Who do you think you are? New genetics study reveals England dominated by Anglo-Saxon DNA – and we are still living in seventh-century tribes
Brits are obsessed with their genealogy. A few years back a YouGov poll suggested that 28 per cent of us had tried to trace our family tree – and that was before the Who Do You Think You Are effect really kicked in.
So the news today that large swathes of the country are made of up “a single, relatively homogenous, genetic group” heralding from our time as an Anglo-Saxon community will come as bad news to those who like to think their family came over with the Normans, or possibly Romans.
The majority of eastern, central and southern England is between 10 and 40 per cent Anglo-Saxon. The Oxford University researchers claim the study “settles a historical controversy” in proving that the fifth century people intermarried, rather than replaced, the existing population.
The study also shows that regional identities are not just in our heads – the tribal life of the UK is still alive and kicking.
As well as the dominance of Anglo-Saxons in England, there are separate genetic groups in Cornwall in Devon, with a division almost exactly along the modern county boundary.
There is no single Celtic group, with those in Scotland, Northern Ireland, Wales and Cornwall all genetically different. The Cornish, for example, are more similar to English groups than Welsh or Scottish.
The Welsh appear more similar to the earliest settlers of Britain after the last Ice Age than do other people in the UK.
Orkney islanders were the most genetically distinct, with 25 per cent of their DNA coming from Norwegian ancestors.
But there is no obvious genetic signature of the Danish Vikings, who controlled large parts of England from the ninth century.

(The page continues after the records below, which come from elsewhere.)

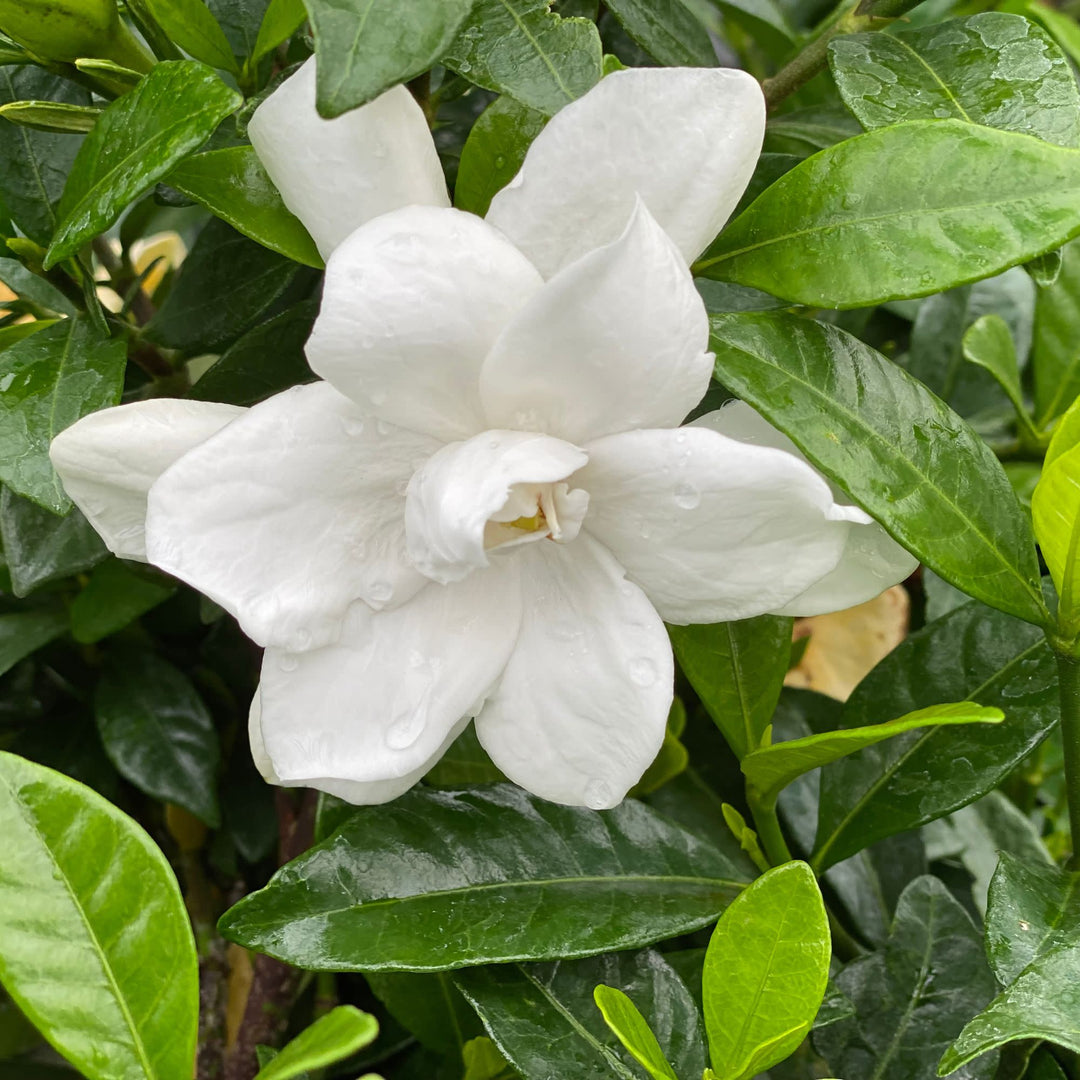 Pillow Talk® Gardenia (Gardenia jasminoides)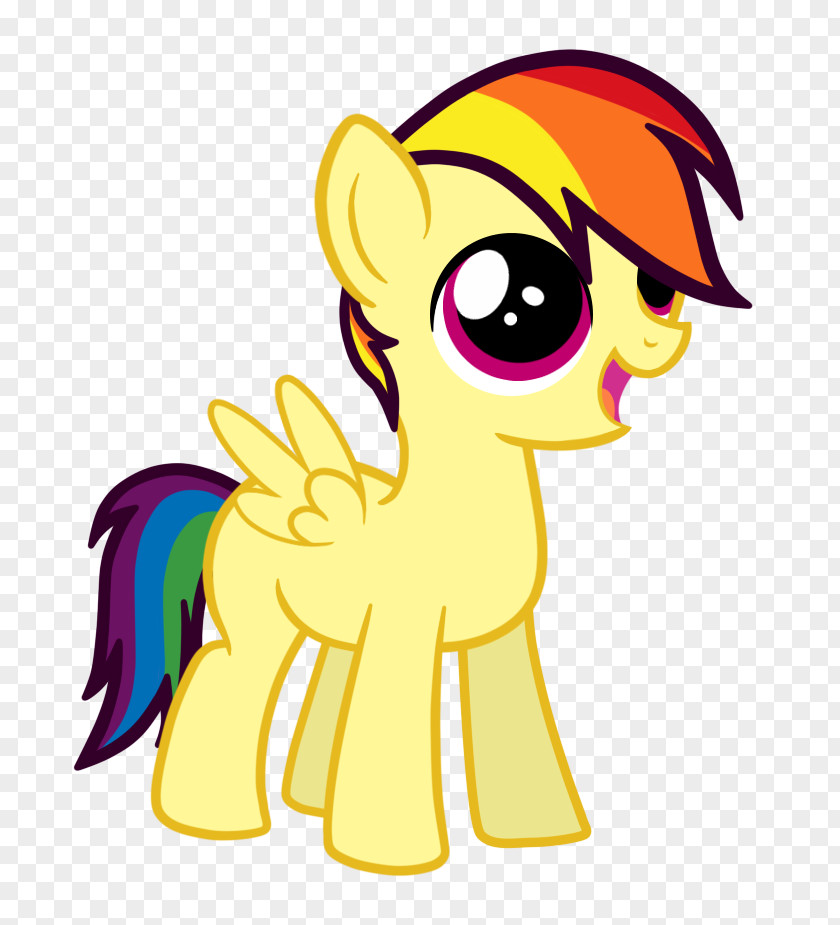 My Little Pony Rainbow Dash Fluttershy Applejack Rarity PNG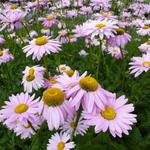 Tanacetum coccineum 'Robinson's Rose' - Wormkruid - Tanacetum coccineum 'Robinson's Rose'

“The patterns we see are extraordinary,” says Peter Donnelly, director of the Wellcome Trust Centre for Human Genetics in Oxford, UK, who co-led the study published 18 March in Nature. “The genetic effects we’re looking at are the result of, probably, thousands of years of history.”
Professor Mark Robinson, an archaeologist on the project from the Oxford University Museum of Natural History, added: “The results give an answer to the question we had never previously thought we would be able to ask about the degree of British survival after the collapse of Roman Britain and the coming of the Saxons.
“The genetic make-up we see is really one of perhaps 1400 years ago.”
Geneticist professor Sir Walter Bodmer of Oxford University agreed: “What it shows is the extraordinary stability of the British population. Britain hasn’t changed much since 600AD," he said.